Художественная культура русского зарубежья, 1917–1939 | страница 9
Новые живописные искания, развернувшиеся в Берлине, укладывались в прежнюю систему жанров, которая была господствующей на протяжении всех 1910-х годов и прервалась лишь в середине десятилетия на два-три года. Натюрморт, пейзаж, портрет или однофигурная композиция, являющаяся своего рода скрытым портретом. Разница между петроградским и берлинским периодами заключалась, однако, в том, что в начале 1920-х годов однофигурная композиция заняла равное (если не главенствующее) место рядом с натюрмортом, хотя последний количественно по-прежнему преобладал. Лишь некоторые произведения позволяют говорить о приоритете однофигурной композиции – «Синтетический музыкант» (1921, Берлинская галерея), «Читатель» (1921–1922, собрание Дины Верни, Париж), «Автопортрет перед зеркалом» (1921, частное собрание). Но они настолько важны (особенно первое) как некие вехи в творческом развитии мастера, что отодвигают на второй план количественный критерий.
«Синтетический музыкант» был показан в 1922 году на Большой Германской выставке в Берлине, где Пуни экспонировал свои работы в составе «Ноябрьской группы». Картина произвела большое впечатление на зрителей и своего рода фурор в художественных кругах. Конечно, Пуни не случайно использовал в названии слово «синтетический». Он был озабочен исканиями нового синтеза. К тому же в этом произведении фигурирует музыкальный инструмент, который вызывает прямые ассоциации с понятием синтеза. Скрипичный смычок, повторенный дважды силуэт гитары, движение правой руки, позволяющее предположить наличие аккордеона, некое подобие клавиатуры – все соединяется вместе и создает образ сложного музыкального – даже не инструмента, а механизма. В голове возникает слово «синтезатор», хотя в те годы такой механизм еще не был изобретен.

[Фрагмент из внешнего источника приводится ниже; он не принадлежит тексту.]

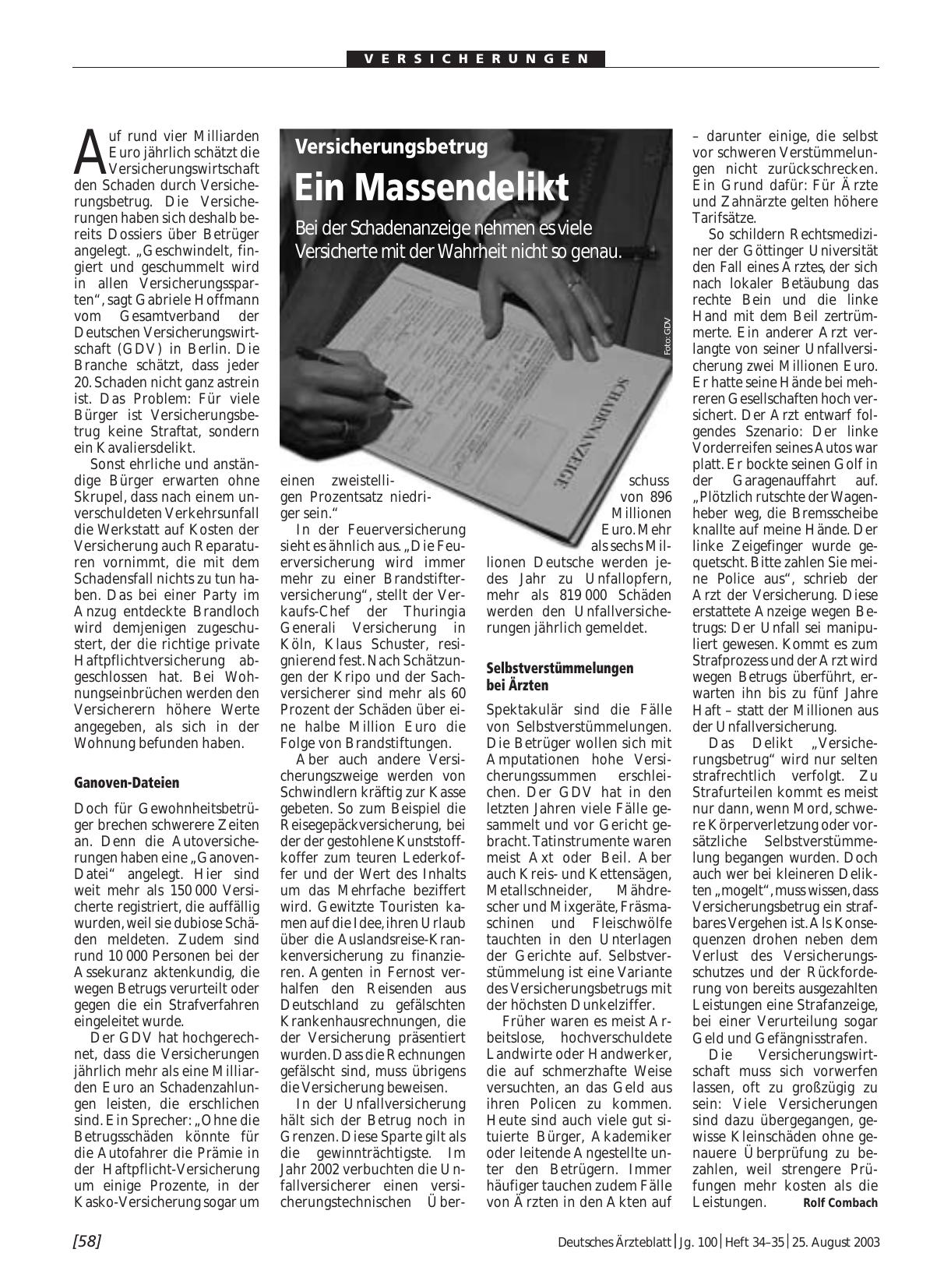 Vorschauseite 1: Versicherungsbetrug: Ein Massendelikt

Опыт 1910-х годов был использован в новой системе в полной мере. Кубофутуризм проявился и в формальном языке, и в алогизме. Стоит обратить внимание хотя бы на красный цвет пикового туза (что сделал Ж.-К. Маркаде) и на фантастическое построение самого музыкального инструмента. Невольно вспоминаются многочисленные картины русских мастеров середины 1910-х годов, когда смотришь на выскочившую откуда-то ножку стола, закомпонованную рядом с полукруглой плоскостью (стола?), на которой лежит игральная карта. Что касается традиций скульптоживописи, то и они нашли свое косвенное выражение. В своей статье немецкий исследователь Э. Ротерс сопоставил фрагмент «Синтетического музыканта» с моделью конструктивистского торса Наума Габо. Действительно, некоторые части фигуры «Музыканта» своей ломкой трехмерностью и своеобразной граненостью напоминают посттатлинскую пластику 1920-х годов. Голова музыканта с ее подчеркнутой кукольной трехмерностью и несколько сомнамбулической самопогруженностью предрекает сюрреализм. Супрематизм «обосновался» в центральной части холста, пользуясь «безответственной» художественной фантазией в изображении музыкального аппарата. Слышны и отголоски неопримитивизма – но не столько в самой живописи, которая лишь отдаленно напоминает вывеску, сколько в своеобразной игрушечности: «Музыканта» можно представить как механическую заводную игрушку, «шарманка» которого разрослась в своих размерах и неожиданно приобрела фантастические формы. Некоторый оттенок «рыночности», который чувствуется в самой фигуре, дополняется своеобразной «глянцевостью» живописной фактуры. В этом приеме можно узреть неожиданный способ воскрешения неопримитивистской эстетики, которая в предвидении поп-арта ищет все новые формы снижения, сохраняя при этом живописно-композиционную и образную сложность.